What comes to mind when you picture a “mega ranch”? A vast piece of property on which thousands of animals are raised until they are ready to be slaughtered for meat while consuming resources and emitting greenhouse gasses? This typical ranch of the past is getting a much-needed makeover thanks to Meati Foods, a company that makes meat from mycelium instead of animals.
This month, Meati opened the “Mega Ranch,” company’s first industrial-scale production facility in Thornton, Colorado, and a blueprint for what the future of ranching might look like. Here, mycelium replaces cows and just one tablespoon of fungi spores is capable of producing the whole-food protein equivalent of hundreds of cows in a matter of several days.
Meati’s products include vegan whole-cut steaks and carne asada, along with plant-based alternatives to chicken cutlets in classic and breaded varieties—which are now being made more efficiently than their animal counterparts at the company’s new Mega Ranch.
Tyler Huggins, CEO and co-founder of Meati, knows a thing or two about ranching, as he grew up on a bison ranch himself.
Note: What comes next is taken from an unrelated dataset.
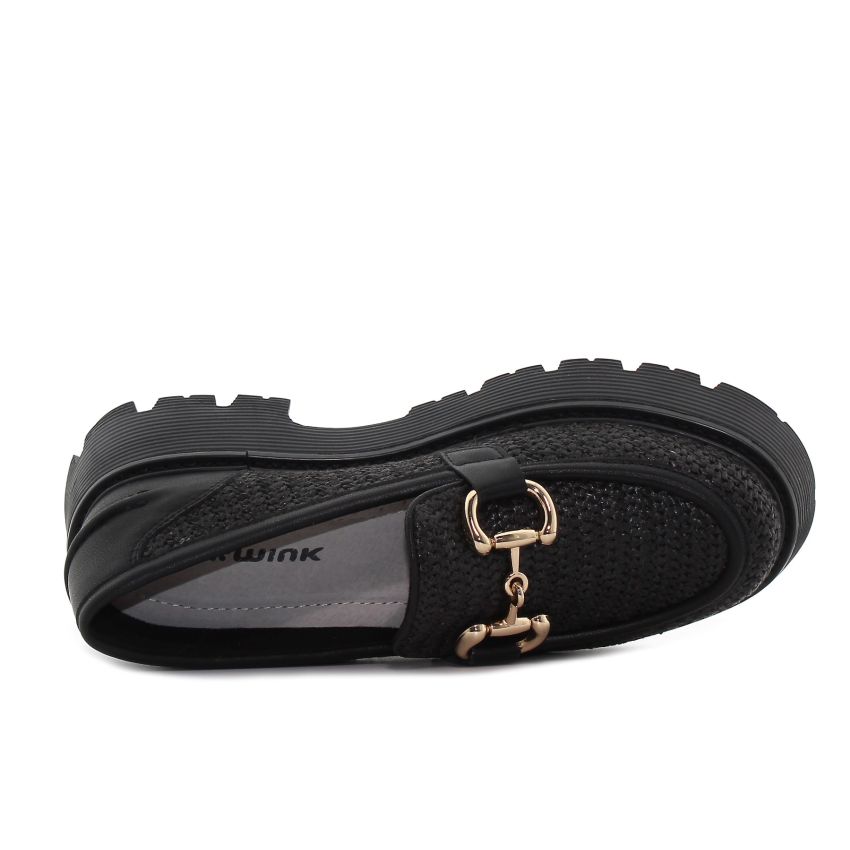 Wink - Gide fekete női bebújós cipő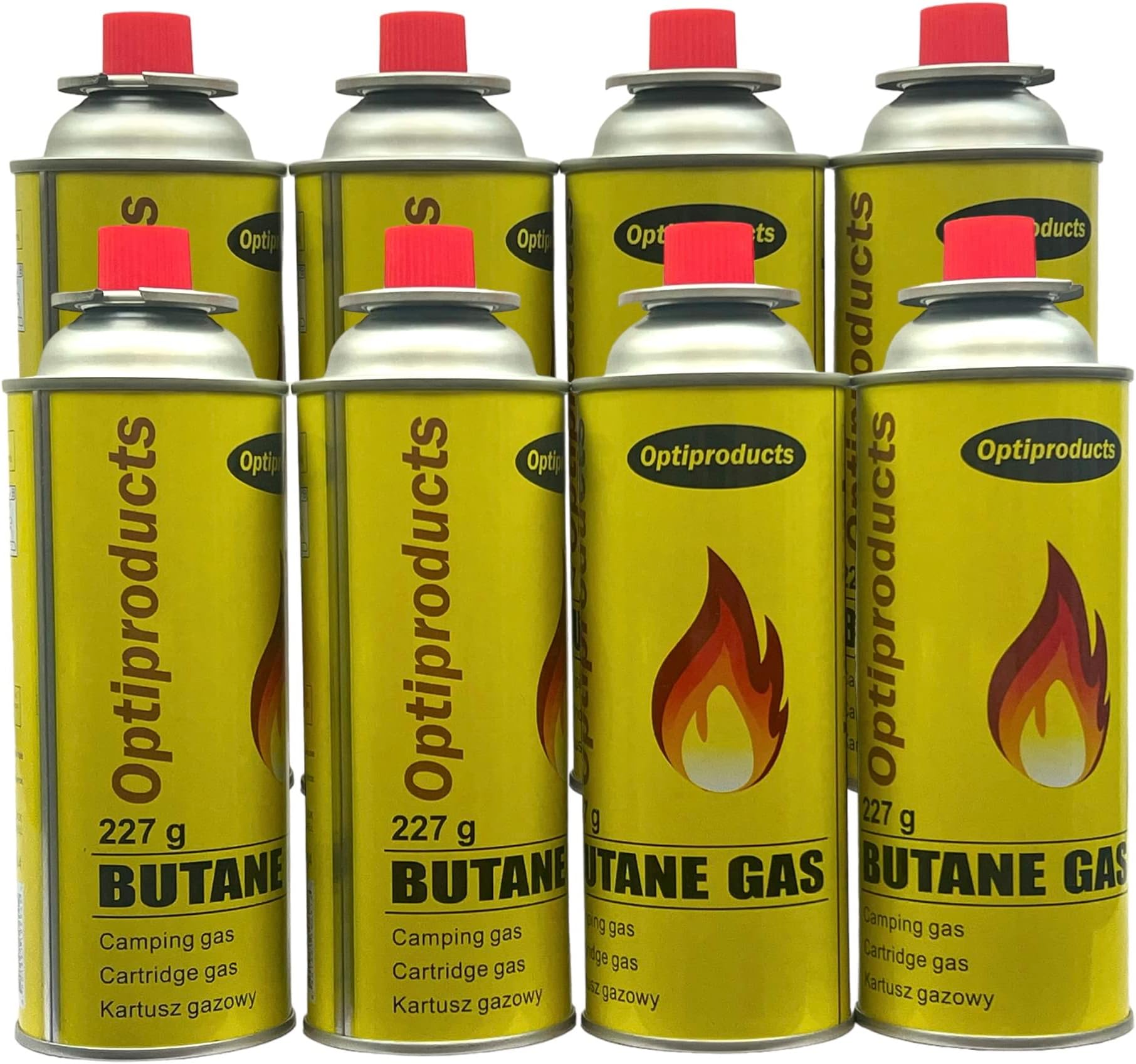 220g Butane Gas Canisters and Portable Camping Gas Cooker Stove Single Burner Butane BBQ Caravan Outdoor Party Stove comes with Carry Case (8 x Canisters only)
With $250 million in funding to date for Meati, Huggins is redefining what modern ranching might look like.
“Investors and consumers recognize that Meati is a new, differentiated food,” Huggins said. “They only need to read our simple ingredient list and taste Meati to recognize that this is the cut-through option people have been waiting for—something they absolutely see weekly if not daily on their plates.”
Scaling mushroom meat at the Mega Ranch
Meati’s new Mega Ranch near-continuously produces mushroom meat, with a target of producing 45 million pounds annually once the facility is fully operational by late 2023. While the industrial production of animal meat involves many separate players—from ranchers to feedlots to slaughterhouses to packers—Meati’s Mega Ranch is vertically integrated, meaning the vegan meat is grown, harvested, processed, and packed at the facility.
The facility is financed by Meati’s oversubscribed Series C round, ed by capital market company Revolution Growth. Fazeela Abdul Rashid, Partner at Revolution Growth and member of the Meati Foods board, believes that Meati’s new facility will position the company at the forefront of the inevitable protein revolution.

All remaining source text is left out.